>>>
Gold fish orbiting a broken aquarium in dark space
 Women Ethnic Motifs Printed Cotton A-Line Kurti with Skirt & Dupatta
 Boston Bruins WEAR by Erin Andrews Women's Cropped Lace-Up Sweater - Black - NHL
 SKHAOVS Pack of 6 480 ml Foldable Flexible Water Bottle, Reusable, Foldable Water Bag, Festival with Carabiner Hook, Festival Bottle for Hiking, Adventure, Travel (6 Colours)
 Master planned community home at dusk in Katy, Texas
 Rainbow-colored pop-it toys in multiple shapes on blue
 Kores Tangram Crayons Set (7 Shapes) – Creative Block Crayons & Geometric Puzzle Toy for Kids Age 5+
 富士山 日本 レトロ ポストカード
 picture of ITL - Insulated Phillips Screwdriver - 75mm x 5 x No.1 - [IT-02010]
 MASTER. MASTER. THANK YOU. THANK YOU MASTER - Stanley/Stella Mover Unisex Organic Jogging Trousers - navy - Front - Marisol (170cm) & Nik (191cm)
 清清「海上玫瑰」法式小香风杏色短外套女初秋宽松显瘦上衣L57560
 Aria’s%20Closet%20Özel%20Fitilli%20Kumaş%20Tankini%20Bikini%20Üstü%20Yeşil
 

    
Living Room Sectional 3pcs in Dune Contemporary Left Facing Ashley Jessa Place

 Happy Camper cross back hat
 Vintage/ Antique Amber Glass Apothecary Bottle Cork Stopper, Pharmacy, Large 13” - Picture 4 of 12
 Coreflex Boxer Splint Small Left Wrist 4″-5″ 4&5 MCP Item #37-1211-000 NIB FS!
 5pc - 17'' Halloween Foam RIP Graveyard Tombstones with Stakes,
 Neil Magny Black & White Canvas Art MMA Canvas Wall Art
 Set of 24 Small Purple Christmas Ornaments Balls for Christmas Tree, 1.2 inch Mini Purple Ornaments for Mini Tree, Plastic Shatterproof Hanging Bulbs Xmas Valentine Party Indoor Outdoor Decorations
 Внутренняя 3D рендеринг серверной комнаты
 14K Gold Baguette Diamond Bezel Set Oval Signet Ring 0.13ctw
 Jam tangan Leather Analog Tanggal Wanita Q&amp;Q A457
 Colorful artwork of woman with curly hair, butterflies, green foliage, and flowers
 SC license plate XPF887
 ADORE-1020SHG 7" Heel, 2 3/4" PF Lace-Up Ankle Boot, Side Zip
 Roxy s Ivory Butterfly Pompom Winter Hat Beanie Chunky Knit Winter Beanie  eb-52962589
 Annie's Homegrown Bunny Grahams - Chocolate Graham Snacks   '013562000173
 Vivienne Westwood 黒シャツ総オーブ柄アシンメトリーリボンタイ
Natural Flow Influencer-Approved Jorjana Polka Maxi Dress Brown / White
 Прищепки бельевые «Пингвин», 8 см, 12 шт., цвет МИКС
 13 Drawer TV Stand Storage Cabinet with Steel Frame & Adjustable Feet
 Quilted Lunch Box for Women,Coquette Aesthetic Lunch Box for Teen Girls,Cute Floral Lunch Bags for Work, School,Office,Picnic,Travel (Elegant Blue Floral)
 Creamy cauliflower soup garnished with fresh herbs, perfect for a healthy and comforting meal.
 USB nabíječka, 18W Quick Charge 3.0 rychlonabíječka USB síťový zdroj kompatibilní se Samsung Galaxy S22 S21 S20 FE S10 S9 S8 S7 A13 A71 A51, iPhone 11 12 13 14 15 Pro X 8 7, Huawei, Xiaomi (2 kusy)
<<<
■ Problem requirements: Above are records; repeat only the lines starting at the line with "Living Room Sectional" and ending at the line with "Set of 24 Small", exactly as they appear, both included.

■ Finished exercise:
Living Room Sectional 3pcs in Dune Contemporary Left Facing Ashley Jessa Place

 Happy Camper cross back hat
 Vintage/ Antique Amber Glass Apothecary Bottle Cork Stopper, Pharmacy, Large 13” - Picture 4 of 12
 Coreflex Boxer Splint Small Left Wrist 4″-5″ 4&5 MCP Item #37-1211-000 NIB FS!
 5pc - 17'' Halloween Foam RIP Graveyard Tombstones with Stakes,
 Neil Magny Black & White Canvas Art MMA Canvas Wall Art
 Set of 24 Small Purple Christmas Ornaments Balls for Christmas Tree, 1.2 inch Mini Purple Ornaments for Mini Tree, Plastic Shatterproof Hanging Bulbs Xmas Valentine Party Indoor Outdoor Decorations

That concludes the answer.